Co-working with robots
Will robots eventually make human workers redundant? Whether this question keeps you up at night depends on how adaptable you think human beings are. Sure, the move towards industrial automation will inevitably see low-skilled manufacturing jobs going the way of MySpace, and this UN report estimates that developing countries will be the hardest hit. However, this scenario doesn't necessarily portend the end of work for human beings, as the fearmongers would have us believe. If anything, the growing trend of using co-bots (collaborative robots) in industrial applications gives us a glimpse of what working with robots might look like in the future.
At San Francisco start-up Zume Pizza and at the Ford Motor Company's factory in Cologne, co-bots are being deployed alongside human employees to take care of repetitive and menial tasks on the production line. In the case of the latter, not only do they do the heavy lifting, these robots are also programmed to ensure their human co-workers' safety – they stop moving when their sensors alert them to any body part that is in their way. Asimov would be proud.
Instead of cutting jobs, Ford says that this move has actually added 28,000 jobs in the last five years. Plus, an MIT study at a BMW factory reports that human and co-bot teams are actually more productive than all-human or all-robot teams.

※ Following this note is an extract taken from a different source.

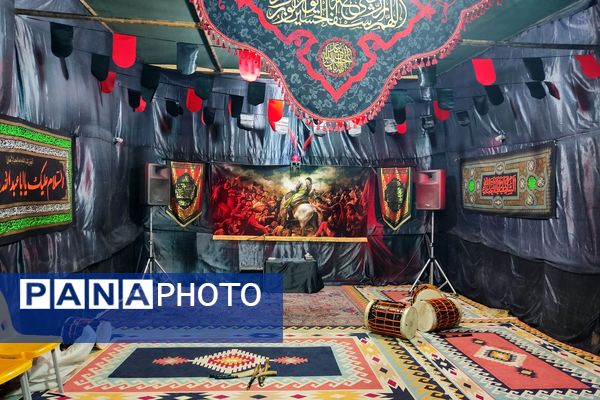 برپایی خیمه‌های عزاداری محرم در شهر شیراز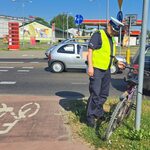 Potrącił rowerzystkę na przejeździe. Kobieta trafiła do szpitala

That said, this kind of human-robot collaboration is not limited to the manufacturing floor. In an age of never-ending to-do lists, some organizations are helping to lighten the workloads of overburdened staff by assigning robots to take care of tedious tasks, as is the case for libraries in Singapore, where they are being used to hunt down misplaced books, a thankless task, as any harried librarian will tell you.
In the case of resource-crunched companies, robots could literally provide an extra hand. For example, scientists in Singapore are developing massage robots to help physiotherapists cope with a burgeoning workload, an increasingly common occurrence in aging societies where there aren't enough practitioners to serve the needs of the population.
What these examples serve to show is that robots are not necessarily stealing jobs or rendering humans redundant. True, they are making certain jobs that we have always taken for granted expendable, but they are also paving the way for the creation of new roles – the question is whether we are prepared for them.
As Dr Ruth Stock-Homburg, Dean of the Faculty of Business Administration at Germany's Darmstadt University of Technology, puts it: "Many companies are deploying robots in an unreflected manner, without knowing beforehand what these changes mean for either employees, corporate culture, or customer relationships.
"New and more conceptual jobs for our future generations will automatically be created," she adds. "Companies should elicit these future jobs at an early stage and create new occupational fields before deploying robots."
Robots teaching robots
While we've still got a way to go before housekeeping robots a la Rosie in The Jetsons become a reality, continuing advancements suggest that we are slowly but surely making our way there. One challenge that has long stymied advancement in this arena is robot dexterity. Simple motions we take for granted, such as getting a glass of water, are still too complicated for most robots. Before we can deploy them to work in warehouses packing boxes (or doing our laundry and household chores), we need to crack this problem first.
Fortunately, researchers have been making strides in helping robots improve their dexterity with the help of self-learning algorithms. Over at the University of Washington, scientists have developed a five-fingered robotic hand that can mimic human movements and improve its performance on its own, while Google is hoping to speed things along by combining cloud robotics and deep learning to help robots learn and share new skills over a network. The latest series of Google experiments saw the robots learning how to open different types of doors. More importantly, it proved one thing: They learned how to do this faster when they worked as a group as opposed to alone.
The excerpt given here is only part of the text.